■ Exercise requirements: Please output the data below exactly as given, starting at its first line and stopping after the line that contains "Einschraubverbinder 3/4 Zoll".

BEGIN The data

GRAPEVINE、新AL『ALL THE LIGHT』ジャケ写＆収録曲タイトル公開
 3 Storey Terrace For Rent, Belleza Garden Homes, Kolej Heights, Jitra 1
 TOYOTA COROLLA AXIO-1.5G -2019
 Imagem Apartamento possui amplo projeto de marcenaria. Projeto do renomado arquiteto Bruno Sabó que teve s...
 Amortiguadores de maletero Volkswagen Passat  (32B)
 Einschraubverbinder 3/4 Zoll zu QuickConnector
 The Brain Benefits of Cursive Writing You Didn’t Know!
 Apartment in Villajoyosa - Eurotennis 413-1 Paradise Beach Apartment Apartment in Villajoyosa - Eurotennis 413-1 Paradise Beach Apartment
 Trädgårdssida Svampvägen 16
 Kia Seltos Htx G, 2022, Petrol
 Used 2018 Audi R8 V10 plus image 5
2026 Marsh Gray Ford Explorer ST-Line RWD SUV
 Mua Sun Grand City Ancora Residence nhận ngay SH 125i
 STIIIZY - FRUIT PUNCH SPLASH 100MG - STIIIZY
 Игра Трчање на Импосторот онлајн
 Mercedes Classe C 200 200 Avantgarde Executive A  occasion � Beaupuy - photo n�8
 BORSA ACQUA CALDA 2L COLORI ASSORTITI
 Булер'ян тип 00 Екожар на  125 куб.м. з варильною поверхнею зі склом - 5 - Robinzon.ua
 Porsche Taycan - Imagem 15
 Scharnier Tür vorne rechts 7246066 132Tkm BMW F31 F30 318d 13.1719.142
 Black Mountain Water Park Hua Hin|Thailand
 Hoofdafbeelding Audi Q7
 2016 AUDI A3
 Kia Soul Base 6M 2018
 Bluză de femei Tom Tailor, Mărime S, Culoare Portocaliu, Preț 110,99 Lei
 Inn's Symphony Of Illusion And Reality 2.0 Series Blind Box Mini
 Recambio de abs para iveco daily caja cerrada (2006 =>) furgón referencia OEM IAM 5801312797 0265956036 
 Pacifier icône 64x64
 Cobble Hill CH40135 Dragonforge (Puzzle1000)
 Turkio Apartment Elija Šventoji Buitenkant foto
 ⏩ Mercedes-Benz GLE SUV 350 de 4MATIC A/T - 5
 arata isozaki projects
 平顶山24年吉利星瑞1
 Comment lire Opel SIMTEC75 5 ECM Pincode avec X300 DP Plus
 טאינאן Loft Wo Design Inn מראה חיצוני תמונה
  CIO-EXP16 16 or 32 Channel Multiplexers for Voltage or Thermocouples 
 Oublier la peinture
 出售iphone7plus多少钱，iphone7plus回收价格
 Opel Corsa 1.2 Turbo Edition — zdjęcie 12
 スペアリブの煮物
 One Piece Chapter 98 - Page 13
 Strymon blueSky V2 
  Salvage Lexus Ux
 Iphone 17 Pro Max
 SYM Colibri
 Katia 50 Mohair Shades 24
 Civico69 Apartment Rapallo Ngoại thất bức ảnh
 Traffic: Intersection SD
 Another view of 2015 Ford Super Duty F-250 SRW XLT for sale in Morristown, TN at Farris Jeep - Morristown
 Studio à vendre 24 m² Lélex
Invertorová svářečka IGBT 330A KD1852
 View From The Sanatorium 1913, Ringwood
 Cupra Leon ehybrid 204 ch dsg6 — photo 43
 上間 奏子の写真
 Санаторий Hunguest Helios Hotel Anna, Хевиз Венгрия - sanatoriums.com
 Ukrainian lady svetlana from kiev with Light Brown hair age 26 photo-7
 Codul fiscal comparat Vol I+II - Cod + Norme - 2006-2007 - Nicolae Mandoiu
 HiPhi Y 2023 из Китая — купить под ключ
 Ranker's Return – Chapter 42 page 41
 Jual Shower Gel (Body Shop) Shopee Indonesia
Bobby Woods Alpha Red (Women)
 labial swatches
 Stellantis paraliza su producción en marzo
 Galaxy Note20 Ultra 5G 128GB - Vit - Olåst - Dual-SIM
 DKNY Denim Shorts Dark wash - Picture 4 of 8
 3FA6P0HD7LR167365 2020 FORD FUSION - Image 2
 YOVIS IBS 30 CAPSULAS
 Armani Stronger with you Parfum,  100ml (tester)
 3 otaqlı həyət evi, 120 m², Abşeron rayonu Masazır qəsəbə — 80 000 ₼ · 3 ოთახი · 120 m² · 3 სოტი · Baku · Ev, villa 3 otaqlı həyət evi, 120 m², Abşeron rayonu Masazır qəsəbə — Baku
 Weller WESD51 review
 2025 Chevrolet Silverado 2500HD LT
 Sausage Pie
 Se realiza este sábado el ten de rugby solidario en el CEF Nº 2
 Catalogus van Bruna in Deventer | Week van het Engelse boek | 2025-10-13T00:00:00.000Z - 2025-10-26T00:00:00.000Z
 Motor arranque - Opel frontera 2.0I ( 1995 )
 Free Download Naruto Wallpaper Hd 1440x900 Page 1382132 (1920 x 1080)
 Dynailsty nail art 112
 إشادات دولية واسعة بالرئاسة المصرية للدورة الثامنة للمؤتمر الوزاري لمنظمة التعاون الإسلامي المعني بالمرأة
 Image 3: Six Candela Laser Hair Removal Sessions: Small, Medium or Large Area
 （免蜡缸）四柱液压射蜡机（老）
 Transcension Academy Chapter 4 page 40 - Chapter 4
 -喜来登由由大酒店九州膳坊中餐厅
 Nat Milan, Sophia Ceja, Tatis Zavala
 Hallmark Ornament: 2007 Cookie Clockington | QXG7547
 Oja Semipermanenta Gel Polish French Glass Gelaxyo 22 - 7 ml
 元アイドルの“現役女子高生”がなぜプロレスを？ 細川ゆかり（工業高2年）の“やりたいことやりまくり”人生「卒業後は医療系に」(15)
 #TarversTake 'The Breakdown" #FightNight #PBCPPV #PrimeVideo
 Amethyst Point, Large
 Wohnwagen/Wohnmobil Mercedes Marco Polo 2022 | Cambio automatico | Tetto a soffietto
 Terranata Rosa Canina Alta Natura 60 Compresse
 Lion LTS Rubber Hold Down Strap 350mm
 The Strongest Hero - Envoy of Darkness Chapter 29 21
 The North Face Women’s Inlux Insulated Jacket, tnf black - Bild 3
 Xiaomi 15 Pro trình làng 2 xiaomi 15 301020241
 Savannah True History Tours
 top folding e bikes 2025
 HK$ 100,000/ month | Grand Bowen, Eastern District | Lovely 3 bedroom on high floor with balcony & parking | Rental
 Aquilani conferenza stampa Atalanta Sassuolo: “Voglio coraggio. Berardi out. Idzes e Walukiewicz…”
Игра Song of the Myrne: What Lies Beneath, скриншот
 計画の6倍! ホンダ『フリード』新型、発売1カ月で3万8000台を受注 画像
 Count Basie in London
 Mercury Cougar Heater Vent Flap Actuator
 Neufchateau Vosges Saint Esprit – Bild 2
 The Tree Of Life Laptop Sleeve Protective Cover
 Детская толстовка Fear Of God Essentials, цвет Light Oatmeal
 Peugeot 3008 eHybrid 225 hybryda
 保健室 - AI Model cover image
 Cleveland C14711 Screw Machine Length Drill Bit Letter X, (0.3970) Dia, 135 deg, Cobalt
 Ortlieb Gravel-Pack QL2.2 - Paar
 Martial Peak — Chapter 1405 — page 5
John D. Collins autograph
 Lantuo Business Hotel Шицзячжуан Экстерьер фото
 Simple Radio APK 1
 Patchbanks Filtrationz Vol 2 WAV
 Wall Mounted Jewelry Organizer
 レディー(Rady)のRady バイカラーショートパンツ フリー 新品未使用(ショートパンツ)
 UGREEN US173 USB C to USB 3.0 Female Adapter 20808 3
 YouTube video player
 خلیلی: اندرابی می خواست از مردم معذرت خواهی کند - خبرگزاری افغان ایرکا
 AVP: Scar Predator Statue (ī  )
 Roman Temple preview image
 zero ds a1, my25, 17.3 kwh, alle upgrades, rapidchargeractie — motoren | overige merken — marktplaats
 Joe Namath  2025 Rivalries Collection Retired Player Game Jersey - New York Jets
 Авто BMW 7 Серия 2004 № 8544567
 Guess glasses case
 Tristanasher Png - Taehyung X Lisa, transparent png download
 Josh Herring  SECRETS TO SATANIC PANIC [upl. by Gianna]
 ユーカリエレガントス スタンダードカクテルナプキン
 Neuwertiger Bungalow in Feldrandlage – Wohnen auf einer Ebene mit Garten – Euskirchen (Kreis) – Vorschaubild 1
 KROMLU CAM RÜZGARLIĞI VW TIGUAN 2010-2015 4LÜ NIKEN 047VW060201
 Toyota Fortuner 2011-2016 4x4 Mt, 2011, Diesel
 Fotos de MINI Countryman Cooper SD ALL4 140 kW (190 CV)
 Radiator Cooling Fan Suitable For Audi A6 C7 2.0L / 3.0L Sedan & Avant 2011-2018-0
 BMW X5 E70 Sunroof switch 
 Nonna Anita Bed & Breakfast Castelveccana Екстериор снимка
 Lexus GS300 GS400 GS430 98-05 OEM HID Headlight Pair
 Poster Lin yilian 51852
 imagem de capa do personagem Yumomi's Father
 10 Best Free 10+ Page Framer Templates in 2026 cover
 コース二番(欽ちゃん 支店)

END The data

■ Solution for this problem:
GRAPEVINE、新AL『ALL THE LIGHT』ジャケ写＆収録曲タイトル公開
 3 Storey Terrace For Rent, Belleza Garden Homes, Kolej Heights, Jitra 1
 TOYOTA COROLLA AXIO-1.5G -2019
 Imagem Apartamento possui amplo projeto de marcenaria. Projeto do renomado arquiteto Bruno Sabó que teve s...
 Amortiguadores de maletero Volkswagen Passat  (32B)
 Einschraubverbinder 3/4 Zoll zu QuickConnector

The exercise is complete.